▸ **Provided records**
┄┄┄┄┄┄
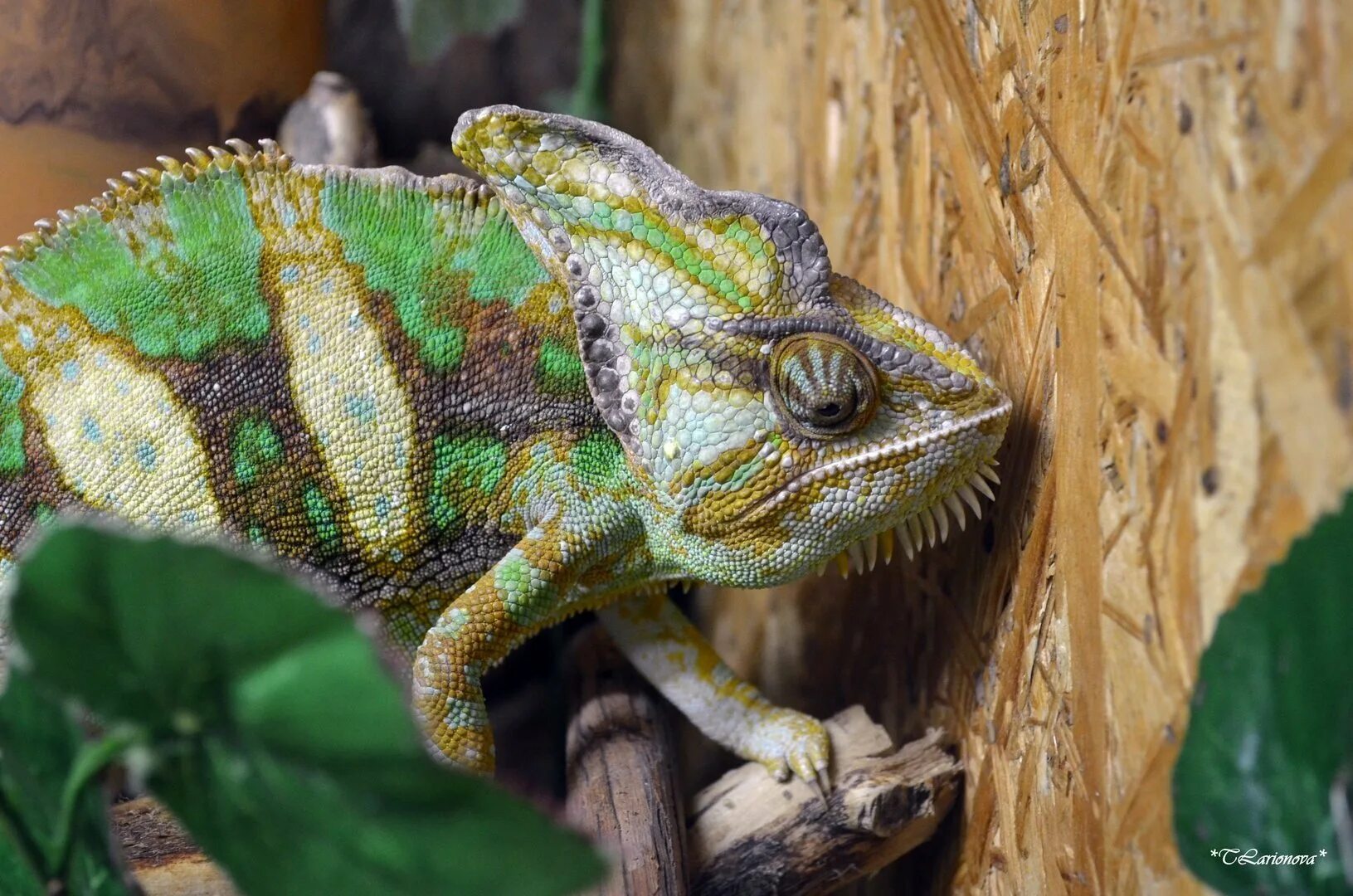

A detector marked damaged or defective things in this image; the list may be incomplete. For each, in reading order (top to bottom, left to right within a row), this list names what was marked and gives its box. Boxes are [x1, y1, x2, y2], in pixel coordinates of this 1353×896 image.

broken wood stick [562, 627, 687, 893]
broken wood stick [687, 709, 963, 896]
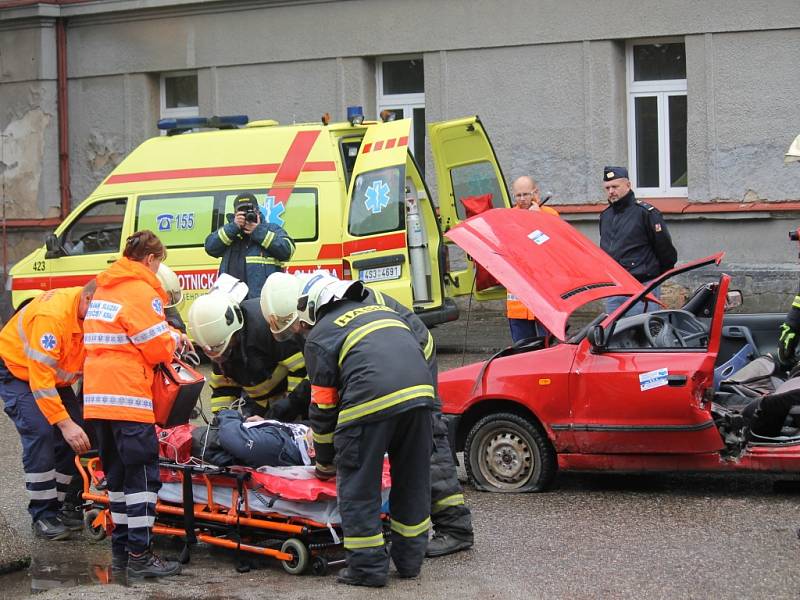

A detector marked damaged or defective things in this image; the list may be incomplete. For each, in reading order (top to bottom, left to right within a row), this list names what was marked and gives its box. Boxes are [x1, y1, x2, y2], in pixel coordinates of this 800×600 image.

red damaged car [440, 210, 796, 492]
┄┄┄┄┄┄
▸ **What is expected**
Set down the material exactly as given, but print none of the pictures.

▸ **Expected answer**
A detector marked damaged or defective things in this image; the list may be incomplete. For each, in reading order (top to bottom, left to right within a row), this list names what was marked and gives its box. Boxes are [x1, y1, x2, y2], in pixel coordinates of this 1353×896 image.

broken wood stick [562, 627, 687, 893]
broken wood stick [687, 709, 963, 896]

A detector marked damaged or defective things in this image; the list may be incomplete. For each, in reading order (top to bottom, left to right within a row), this list names what was marked and gives its box. Boxes are [x1, y1, x2, y2], in pixel coordinates of this 800×600 image.

red damaged car [440, 210, 796, 492]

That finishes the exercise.